Building a tokenizer, block by block

Building a new tokenizer

To build your tokenizer you need to design all its components:
- Normalization
- Pre-tokenization
- Model
- Post-Processing
- Decoding
In a fast tokenizer all the components are gathered in the backend_tokenizer which is an instance of Tokenizer from the HuggingFace tokenizer library.

from transformers import AutoTokenizerFast
tokenizer = AutoTokenizerFast.from_pretrained("...")
type(tokenizer.backend_tokenizer)

tokenizers.Tokenizer <= Tokenizer from HuggingFace library.
The main steps to create your own tokenizer:
1. Gather a corpus
2. Create a backend_tokenizer with HuggingFace tokenizers
3. Load the backend_tokenizer in a HuggingFace transformers tokenizer
Let's try to rebuild a BERT tokenizer together!

1. Gather a corpus

from datasets import load_dataset
dataset = load_dataset("wikitext", name="wikitext-2-raw-v1", split="train")
def get_training_corpus():
    for i in range(0, len(dataset), 1000):
        yield dataset[i : i + 1000]["text"]
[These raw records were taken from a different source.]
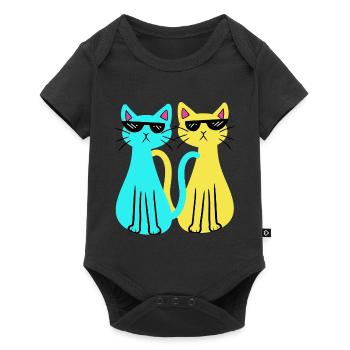 Ukraine, Domestic Cat, Cat, Animal Lover, Child, Meme, Animal - Baby Premium short-sleeve bodysuit - black - Front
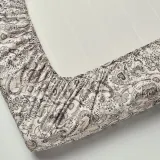 IKEA RODGERSIA (ИКЕА РОДГЕРСИА) — Простыня на резинке, серая/белая, 90x200 см — фото 5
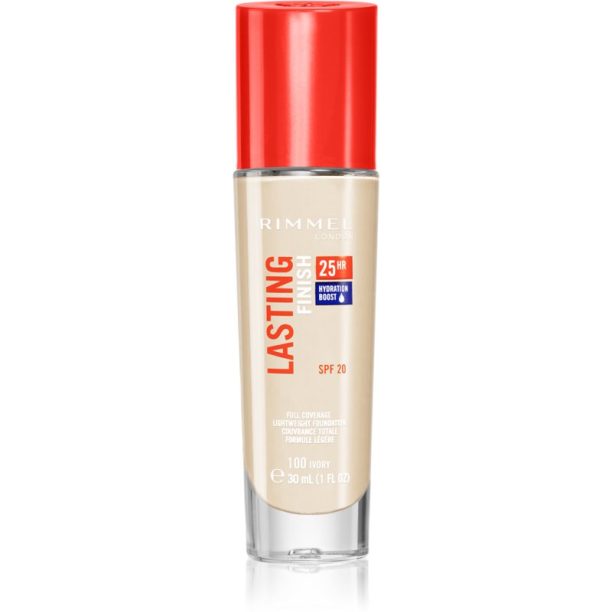 Rimmel Lasting Finish 25H течен фон дьо тен SPF 20 цвят 100 Ivory 30 мл. на ниска цена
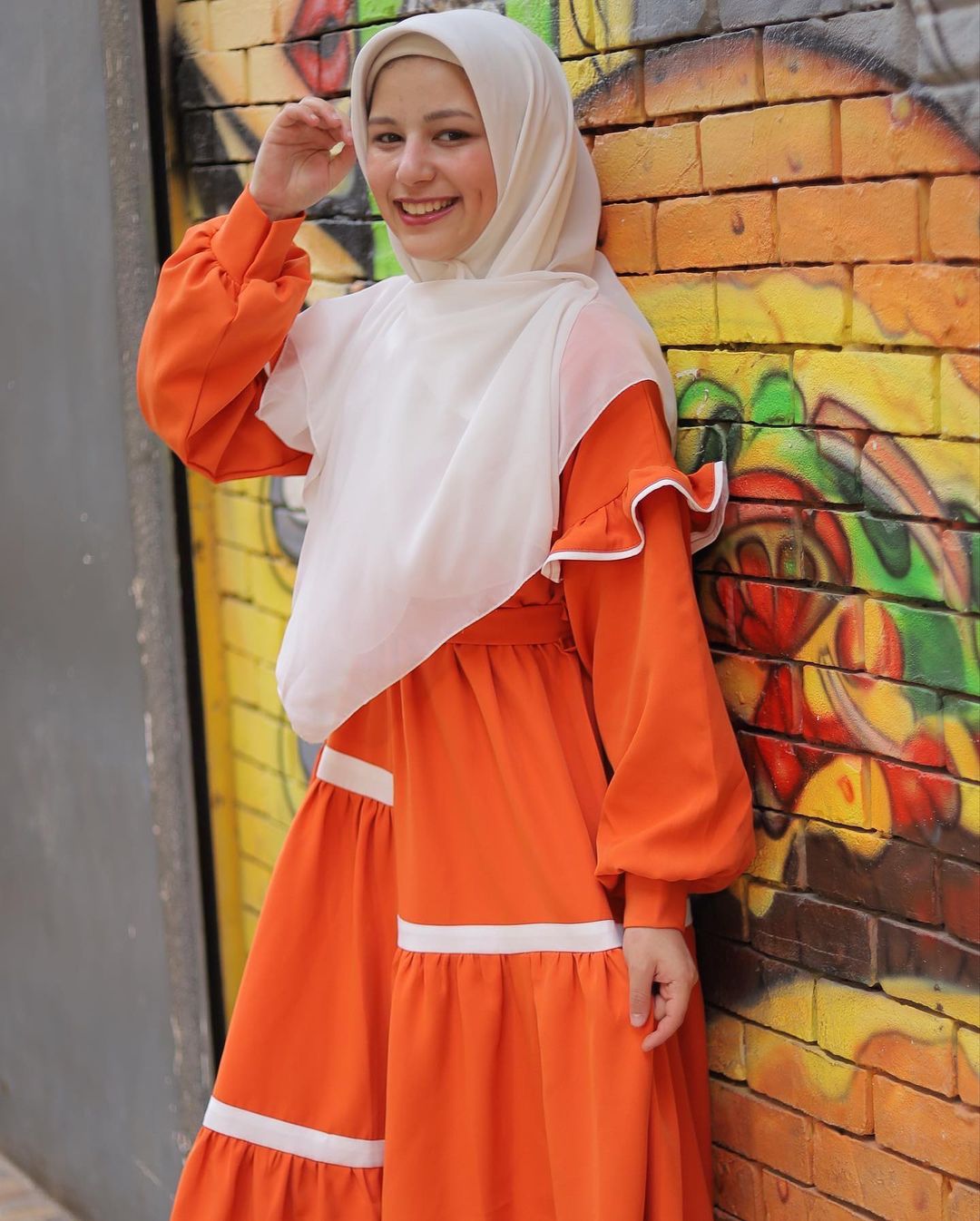 Anbar orange dress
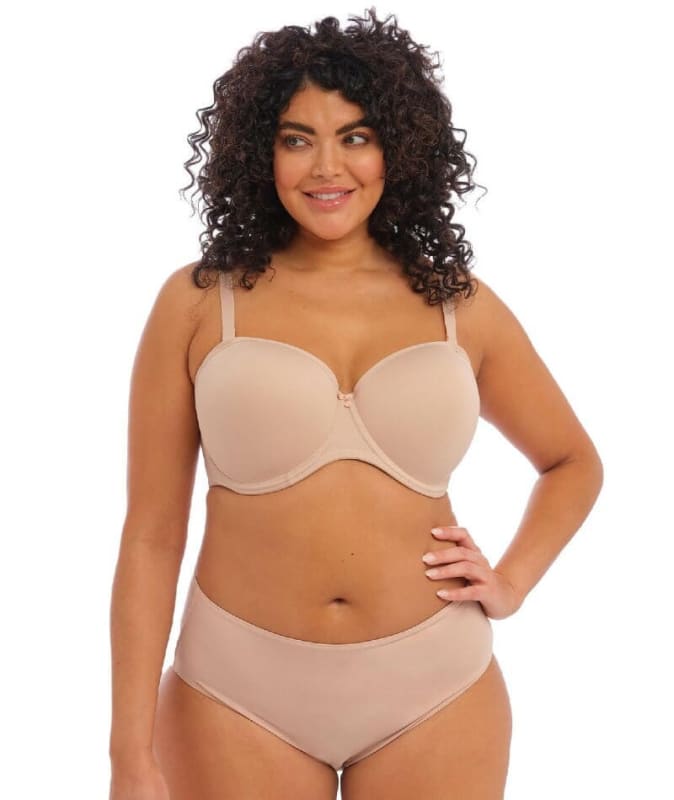 Elomi Smooth Underwired Moulded Strapless Bra - Sahara Bras 
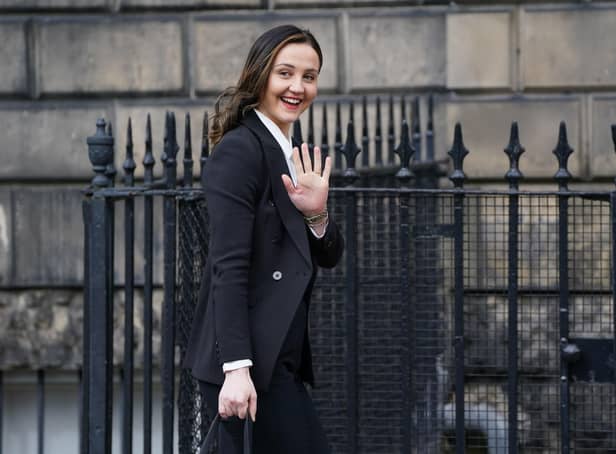 Net Zero and Just Transition Secretary Mairi McAllan arriving for her first Cabinet meeting at Bute House in Edinburgh on Wednesday (Picture: Andrew Milligan/PA Wire)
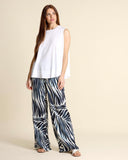 Top in maglia di cotone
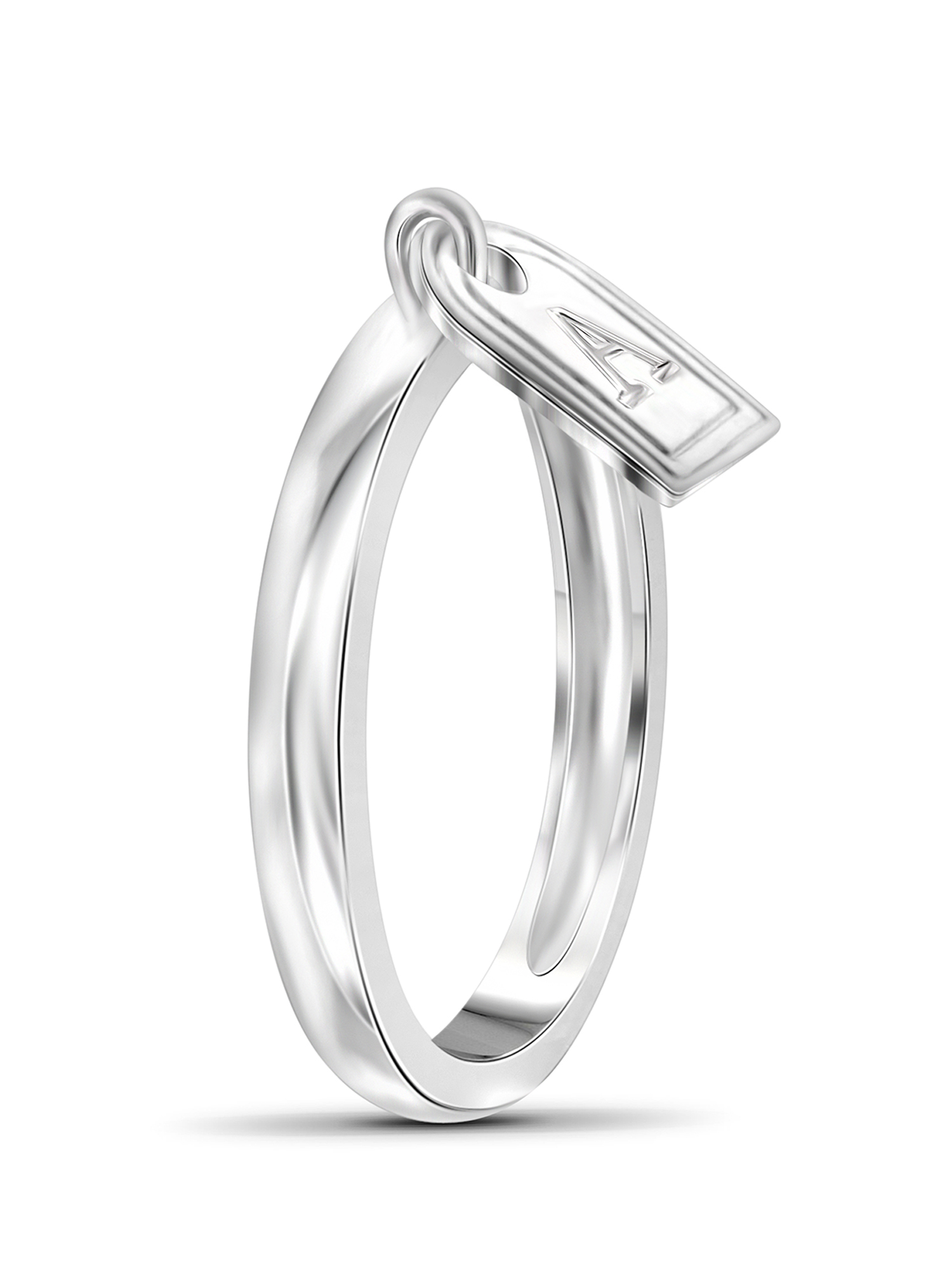 JewelersClub Initial Letter Ring for Women | Customizable Sterling Silver "A" Alphabet Monogram Ring for Girls | Cursive Script Capital Letters | Personalized Jewelry Gift for Her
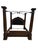 Tall Traditional King Four Poster Bed, 83”h For Sale - Image 9 of 9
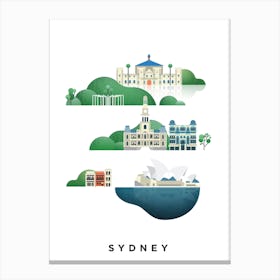 Sydney Canvas Print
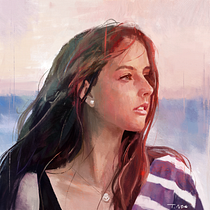My project for course: Digital Portraits with a Traditional Style in Photoshop. Traditional illustration, Digital Illustration, and Digital Painting project by toshihiro_abe_ - 04.22.2022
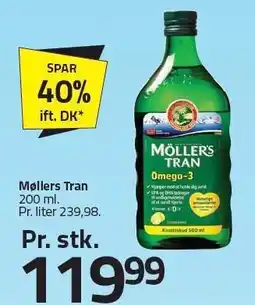 Fleggaard Møllers Tran tilbud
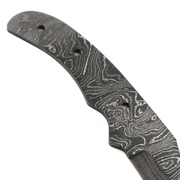 Ace Gut Hook (USA Damascus) - DIY Knife Kit - (w/Handle Combos)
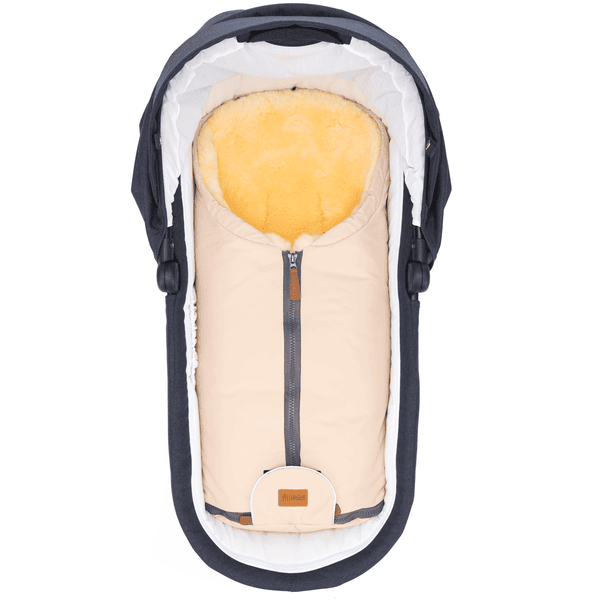 fillikid Winterfußsack für Kindersitze Pamir Gr. 0 Echtfell Ivory Bis zu 50% Rabatt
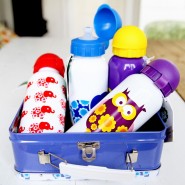 Gourde inox 350ml HIBOU VIOLET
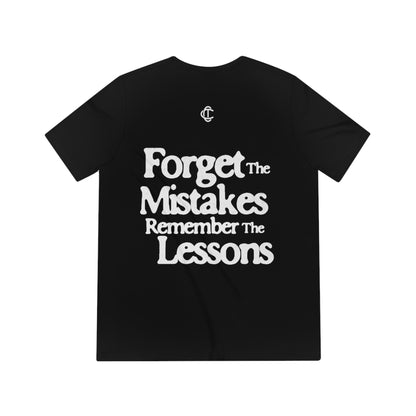 LOGOTYPE V1 "Mistakes & Lessons" Unisex Triblend Tee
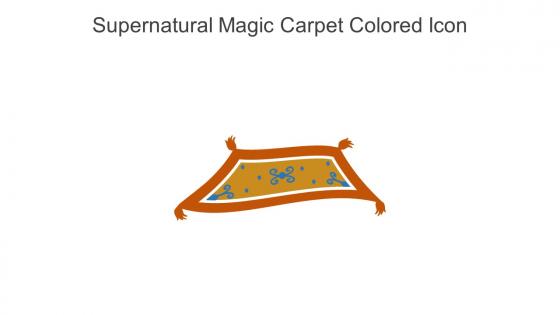 Supernatural Magic Carpet Colored Icon In Powerpoint Pptx Png And Editable Eps Format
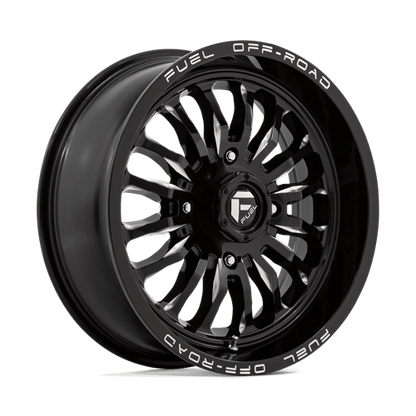 Fuel UTV | D821 ARC UTV | 18.0x7.00 | 4X137 | 13 | GLOSS BLACK MILLED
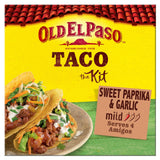 Old El Paso Mexican Garlic &amp;amp; Paprika Crunchy Taco Kit 308g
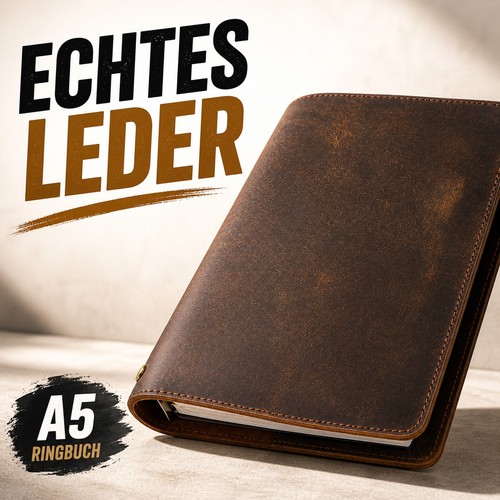 Leder ringbuch - a5,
2. Build a BERT tokenizer with HuggingFace tokenizers

from tokenizers import Tokenizer, models, normalizers, pre_tokenizers, trainers, processors, decoders

Initialize a model

tokenizer = Tokenizer(models.WordPiece(unk_token="[UNK]"))

Define a normalizer

tokenizer.normalizer = normalizers.Sequence(
    [
        normalizers.Replace(Regex(r"[\p{Other}&&[^\n\t\r]]"), ""),
        normalizers.Replace(Regex(r"[\s]"), " "),
        normalizers.Lowercase(),
        normalizers.NFD(), normalizers.StripAccents()]
)

Define pre-tokenization

tokenizer.pre_tokenizer = pre_tokenizers.Whitespace()

Define a trainer

special_tokens = ["[UNK]", "[PAD]", "[CLS]", "[SEP]", "[MASK]"]
trainer = trainers.WordPieceTrainer(vocab_size=25000, special_tokens=special_tokens)

Train with an iterator

tokenizer.train_from_iterator(get_training_corpus(), trainer=trainer)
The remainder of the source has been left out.